▶ **Data section**:
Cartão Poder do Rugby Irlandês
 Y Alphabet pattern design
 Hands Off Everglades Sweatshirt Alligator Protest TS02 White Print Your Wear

▶ **About this exercise**: Your reply should be every line of the material, transcribed exactly.

▶ **Exercise answer**:
Cartão Poder do Rugby Irlandês
 Y Alphabet pattern design
 Hands Off Everglades Sweatshirt Alligator Protest TS02 White Print Your Wear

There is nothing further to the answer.